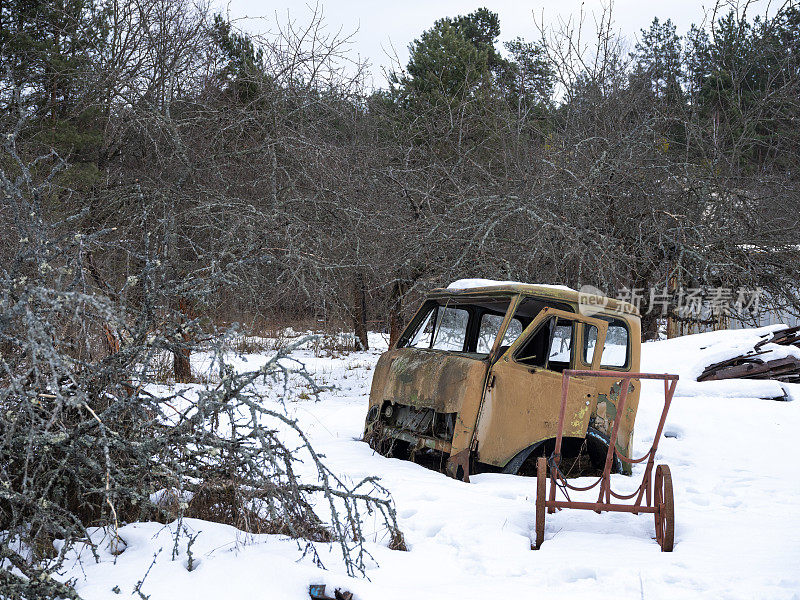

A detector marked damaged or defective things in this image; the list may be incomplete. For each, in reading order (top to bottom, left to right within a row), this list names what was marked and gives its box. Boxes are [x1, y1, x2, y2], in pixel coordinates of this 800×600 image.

abandoned truck cab [366, 278, 640, 480]
rusty yellow truck [366, 278, 640, 480]
rusty cart frame [536, 370, 680, 552]
rusty metal cart [536, 370, 680, 552]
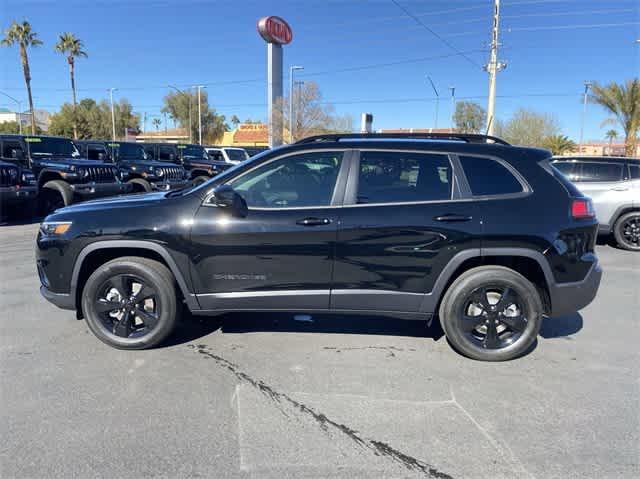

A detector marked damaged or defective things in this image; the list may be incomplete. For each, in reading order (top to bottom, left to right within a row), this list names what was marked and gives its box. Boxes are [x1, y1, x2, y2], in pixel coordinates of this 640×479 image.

crack in asphalt [188, 344, 452, 478]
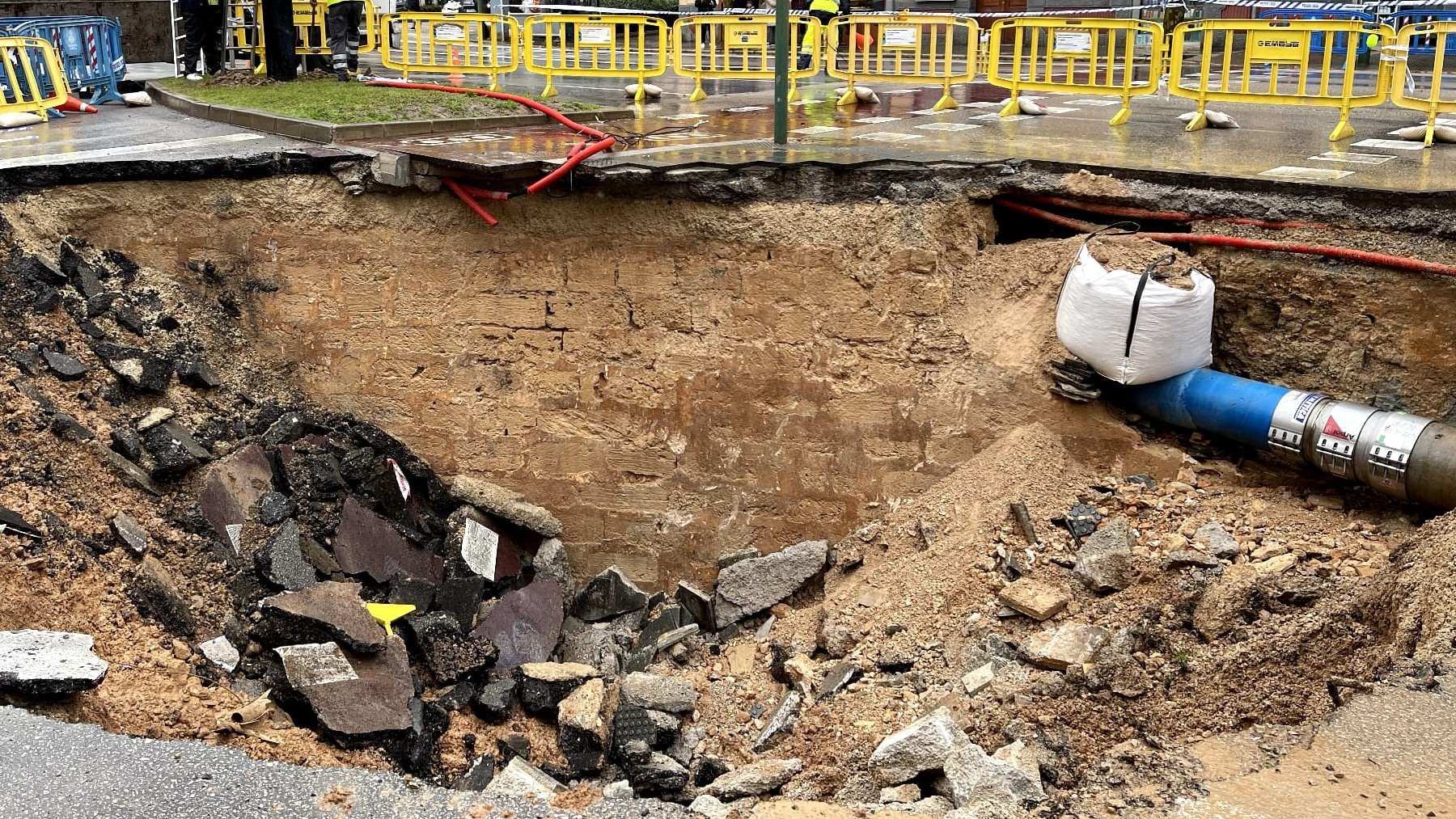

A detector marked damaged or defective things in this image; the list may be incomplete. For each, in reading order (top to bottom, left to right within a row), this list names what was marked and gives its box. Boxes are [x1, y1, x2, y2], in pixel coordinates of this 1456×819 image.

* **Work to be completed**:
Only the pictures are to be dropped; all other material above must be repeated exactly.

* **Output for this exercise**:
A detector marked damaged or defective things in this image; the list may be incomplete. For each, in reading order (top to bottom, left to right within a row), this list names what was marked and gives its box. Boxes are [x1, y1, x2, y2], in pixel coordinates of this 800×600 image.

abandoned truck cab [366, 278, 640, 480]
rusty yellow truck [366, 278, 640, 480]
rusty cart frame [536, 370, 680, 552]
rusty metal cart [536, 370, 680, 552]

A detector marked damaged or defective things in this image; the list may be incomplete. For each, in reading order (top to bottom, left to right within a row), this list names what was marked and gives its box. Boxes are [x1, y1, x2, y2], in pixel coordinates of this 640×479 image.

crack in asphalt [188, 344, 452, 478]

A detector marked damaged or defective things in this image; the list may be incomplete. For each, in reading order (top to bottom, left to right within a row), this list names what was marked and gives its box. Boxes are [x1, y1, x2, y2], in pixel coordinates of this 1456×819 image.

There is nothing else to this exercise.